Thursday was the worst day for me really – after missing my flight, I went to see another doctor but there wasn’t much more he could do for me. I then spent the rest of the day in bed and I had absolutely no appetite. I didn’t have the strength to stand up for more than five minutes either; I had to go and lie back down to feel better. My throat was killing me omg! I couldn’t sleep at night again, because of the pain. Friday was slightly better but I was still confined to the bed mostly.
But hey, now the worst is over.
Today is the fifth day I’m staying in bed and I’m pleased to report that I’m getting better. My energy levels are picking up, which means I am on the path to recovery. The peak of this stupid virus was on Thursday and I’m glad I got through that, gosh.
This wasn’t an easy decision to make for sure, as I was looking forward to this race as my opening race of the season. It’s just unfortunate that the virus hit me at such an inappropriate time and my immunity wasn’t strong enough to fight back (my body was already in taper mode). Whoever passed me this virus, you’re an idiot. If you are sick, please stay at home and not infect others!!!

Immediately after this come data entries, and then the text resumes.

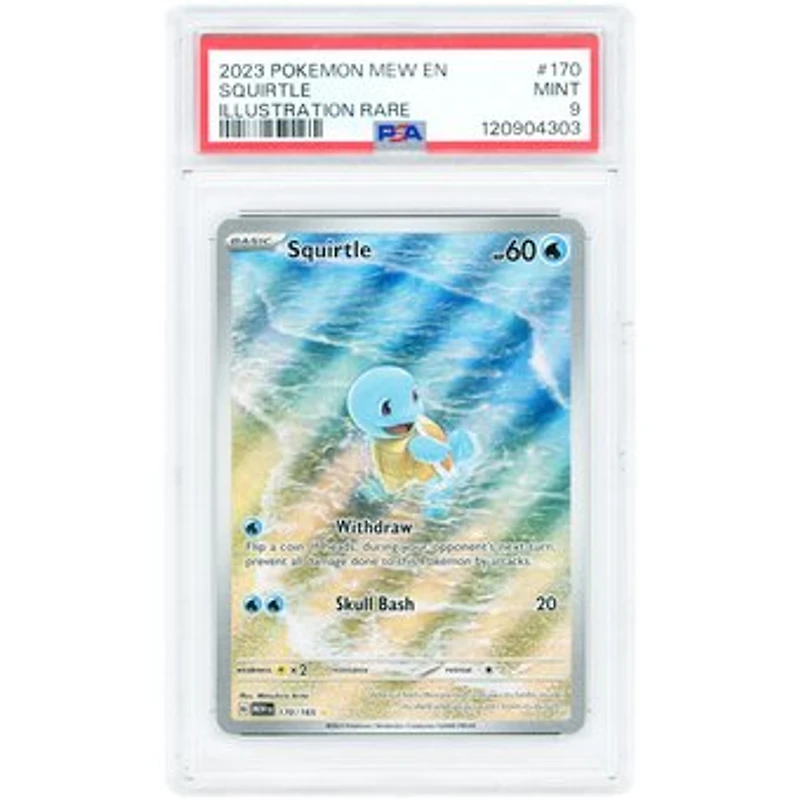 Squirtle 2023 Pokemon 151 Illustration Rare #170 PSA Authenticated 9 Card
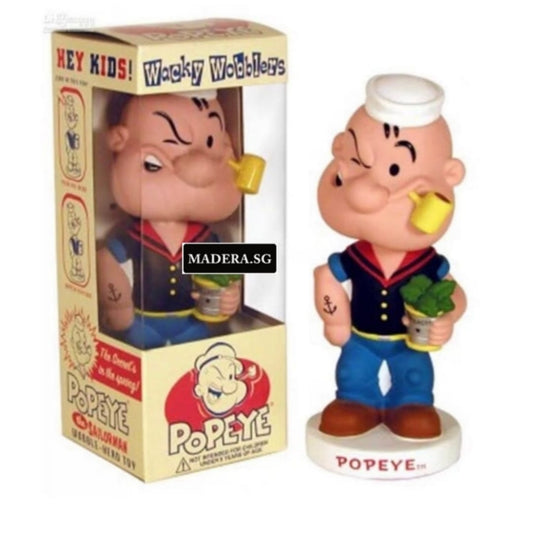 WACKY WOBBLERS BOBHEAD POPEYE VINTAGE 20CM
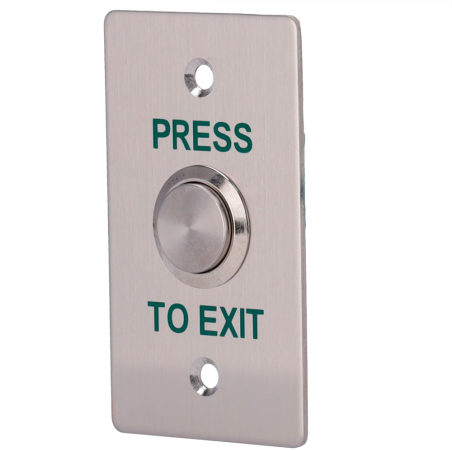 EXITBUTTON303-SLIM - Pulsante di liberazione porta - Uso professionale - Testato 500.000 usi - NO/NC/COM | Montaggio a incasso o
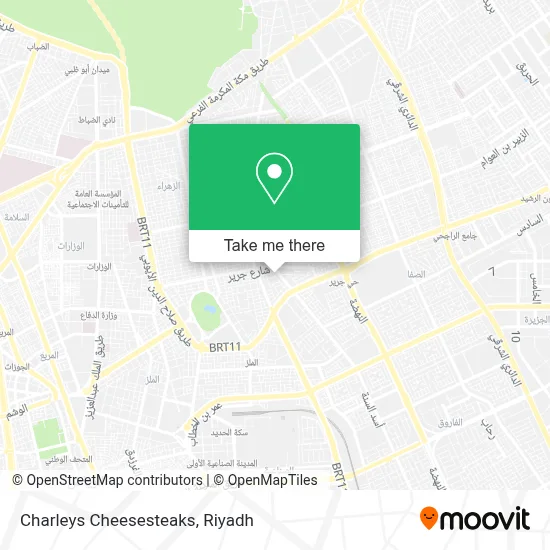 Charleys Cheesesteaks map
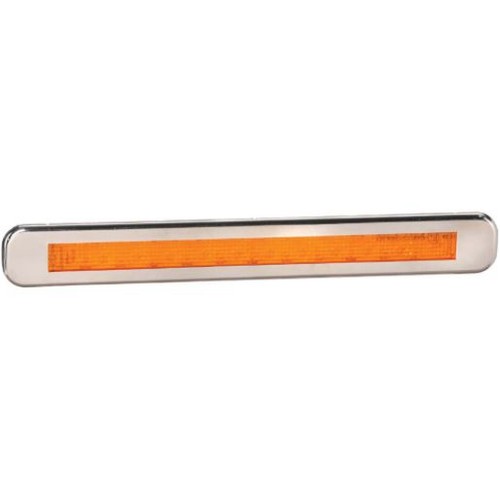 Narva LED Rear Indicator Lamp 9-33V Stainless Steel Cover - 93902BL Car Lighting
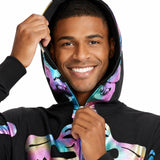 Men's Iridescent Skeleton Costume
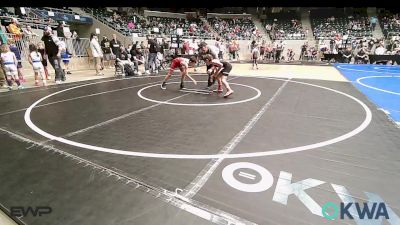 67 lbs Rr Rnd 3 - Nolan Pierce, Verdigris Youth Wrestling vs Easton Barnes, Raw Wrestling Club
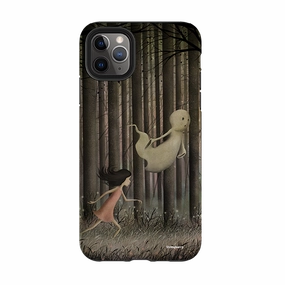 iPhone Tough Case - Little Ghost By Maja Lindberg Light Build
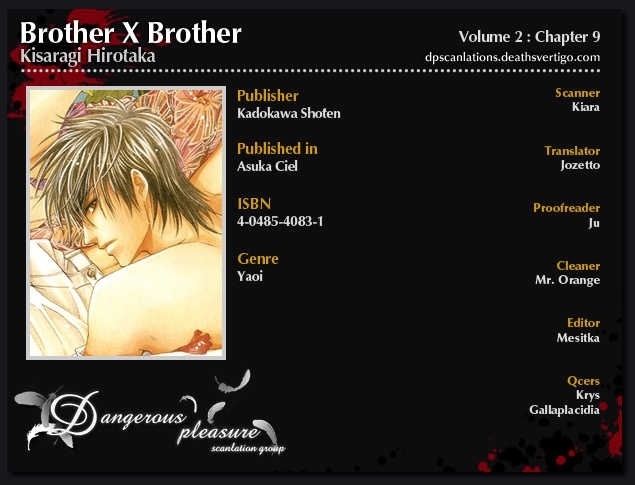 Brother X Brother - Vol.2 Chapter 9 : Forbidden Line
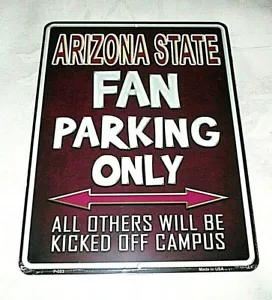 **ARIZONA STATE SUN DEVILS Fan Parking Only Metal Sign #03 - NEW** - Picture 1 of 1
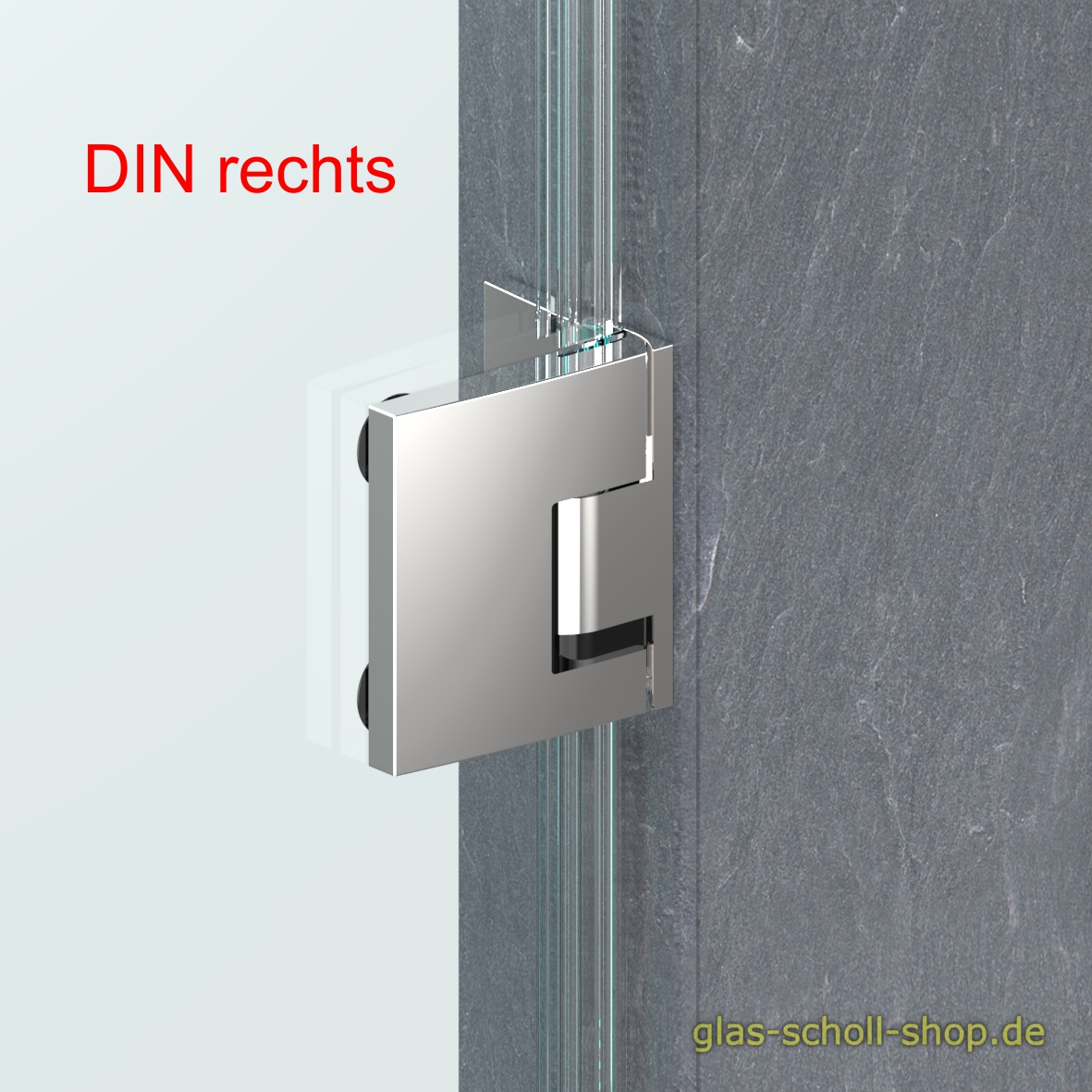 Artikelbild 3 des Artikels “Pavone flächenbündiges Hebe-Senk-Pendel Duschtürband Glas-Wand 90° glanzverchromt“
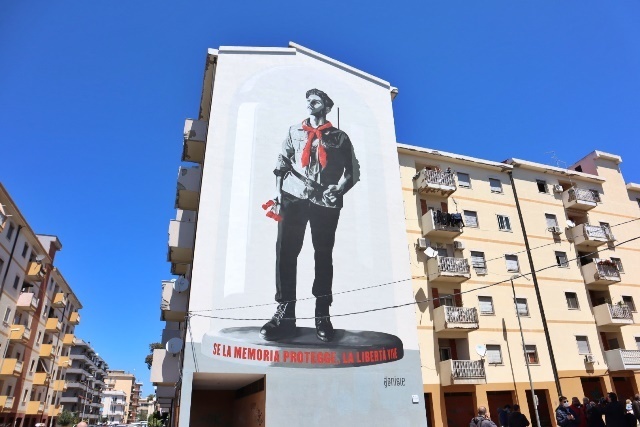inaugurazione murales botteghelle reggio calabria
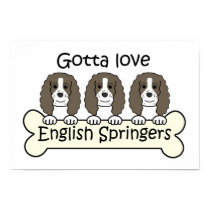 Three English Springer Spaniels posters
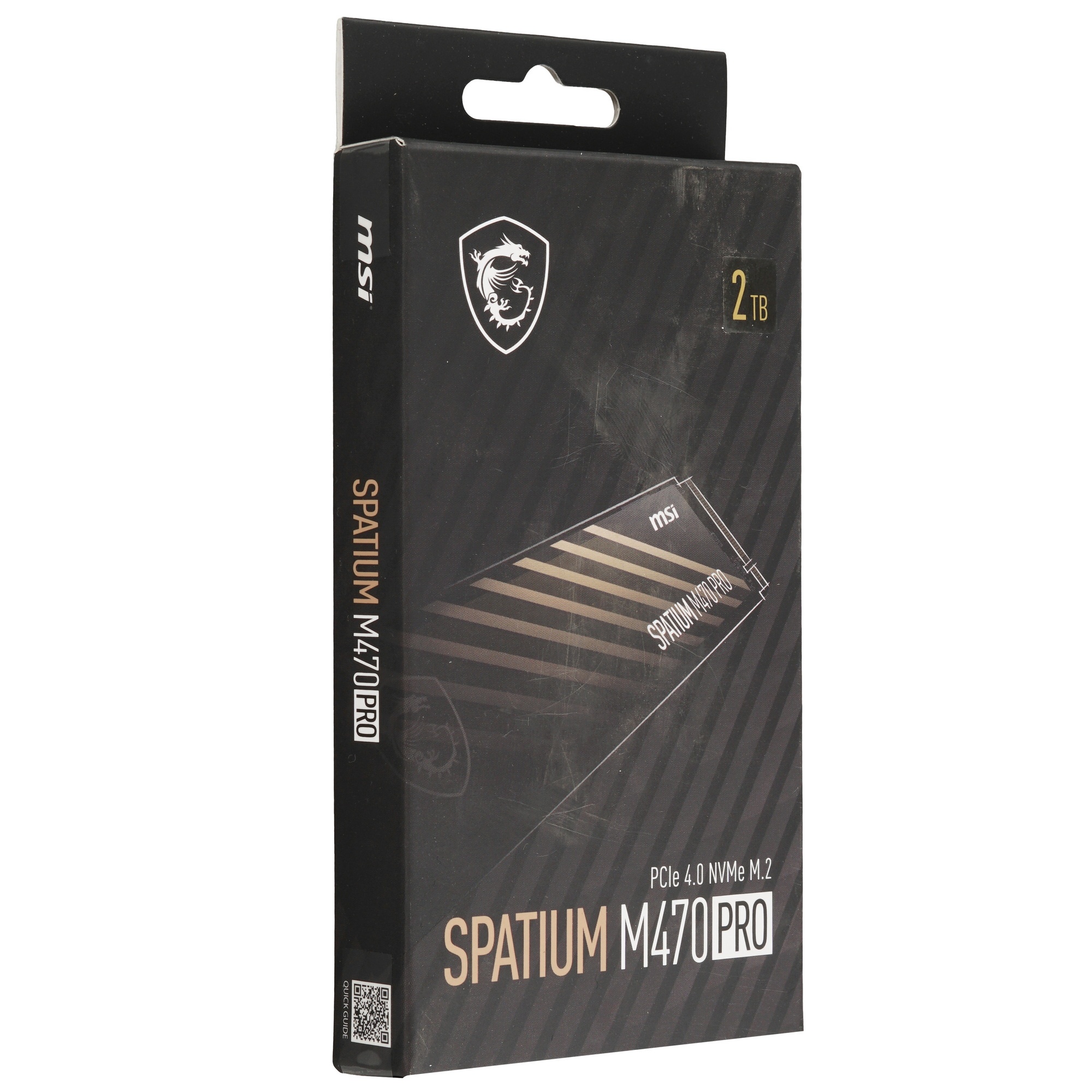 Твердотельный накопитель SSD MSI M.2 2280 2TB SPATIUM M470 PRO Client SSD S78-440Q990-P83, PCIe Gen4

In hindsight I’m glad my dad stopped me from going. I was struggling to make a decision and he was like, PLEASE, just don’t go. I might have suffered really badly on the flight and once I’m on foreign land, who’s gonna take care of me? Being sick far away from home is never ideal.
Honestly I’ve not been this ill in years, to a point where I cannot get out of bed even. It’s scary to feel so weak, but trust that you will get better and there’s nothing you can do except rest while the body needs time to heal. There’s no miracle drug to get you back to 100% immediately so you can only be patient.
Does this suck? Yes it does. Do I feel frustrated? Yeah. But I think I made the right decision not to race. There will always be another race to do, but you cannot bring back your health if you destroy it. Everything happens for a reason and we just got to keep surging forward.
In fact, my next race is in three weeks at the Ironman 70.3 Taiwan. Right now I’m just gonna focus on getting better and getting my energy levels back so I can build up for Taiwan.
Remember, you’re only knocked down, not knocked out!